Earlier today, the Senate passed a $484 billion bipartisan bill to supplement the $2 trillion Coronavirus Aid, Relief, and Economic Security (CARES) Act.
What Were The Initial Stimulus Payments?
The CARES Act included many components including direct stimulus checks to Americans. These payments, which the Treasury Department started disbursing last week to individuals who qualified, were a one-time remittance of:
- $1,200 for individuals
- $2,400 for married couples
- $500 for each dependent child 16-years-old or younger
Additional Second Stimulus Check Proposals:
There have been several proposals floating around Congress to provide Americans with financial relief in light of the economic impact caused by coronavirus. The most widely circulated was the Emergency Money for the People Act introduced by Tim Ryan and Ro Khanna. Their proposal would have provided additional and ongoing payments with qualifying Americans receiving a $2,000 monthly payment for up to 12 months. Eligibility for the $2,000 stimulus check would depend on age, filing status, and income:
- If you are single, your income is less than $130,000, and you are over the age of 16, you would receive $2,000 per month;
- If you are married and your income is less than $260,000, you would receive at least $4,000 per month;
- If you have dependent children, you would receive an additional $500 payment per child each month, capped at three children.

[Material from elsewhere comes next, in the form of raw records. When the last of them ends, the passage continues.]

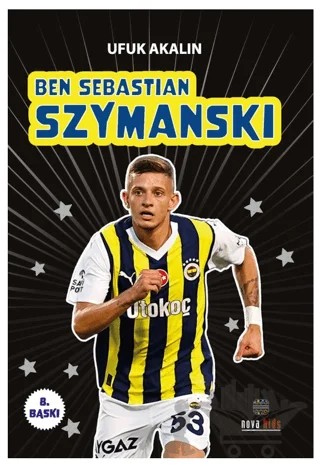 Ben Sebastian Syzmanski – Ufuk Akalın – Nova Kids kitap kapağı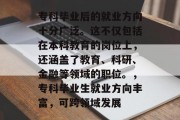 专科毕业后的就业方向十分广泛。这不仅包括在本科教育的岗位上，还涵盖了教育、科研、金融等领域的职位。，专科毕业生就业方向丰富，可跨领域发展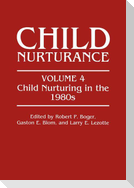 Child Nurturing in the 1980s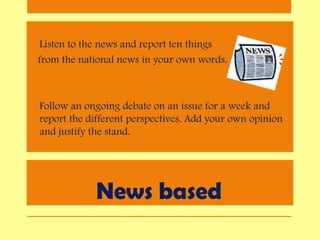 News based
• Listen to the news and report ten things
from the national news in your own words.
• Follow an ongoing debate on an issue for a week and
report the different perspectives. Add your own opinion
and justify the stand.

Does The Bill Include Additional Stimulus Payments To Individuals?
Unfortunately, the $484 billion bill passed by the Senate does not include provisions for additional stimulus checks for individuals.
Instead, the bill focused on replenishing the Paycheck Protection Program (PPP), which is aimed at small businesses and offers guarantees for forgivable loans if the majority of the money is used to retain employees. Lawmakers scrambled to pass the bill after the initial PPP funding from the CARES Act was quickly depleted.
Here’s the breakdown of the $484 billion:
- $320 billion: the vast majority of the funds in the new Senate bill, would replenish the Paycheck Protection Program;
- $60 billion: would be allocated to the Small Business Administration’s disaster relief fund;
- $75 billion: would be made available for hospitals;
- $25 billion: would go towards coronavirus testing
While the bill has only passed the Senate, the House is expected to vote and pass the bill on Thursday. President Trump has signaled that he will sign it.
While the bill won bipartisan support, there was disagreement among Senate leaders about what would come next. Minority Leader Chuck Schumer was already laying the groundwork for additional measures. “I’d remind my colleagues this is an interim measure,” Schumer said. “There’s plenty of hard-won provisions that we Democrats are pleased with but it’s ultimately a building block. In the weeks ahead Congress must prepare another major bill similar in size and ambition to the Cares Act. The next bill must be big and bold and suited to the needs of a beleaguered nation.”
However, Majority Leader Mitch McConnell struck a different tone. He told The Washington Post that it was time to “push the pause button” on additional spending legislation.” Those hoping for additional stimulus payments are out of luck with the most recently bill.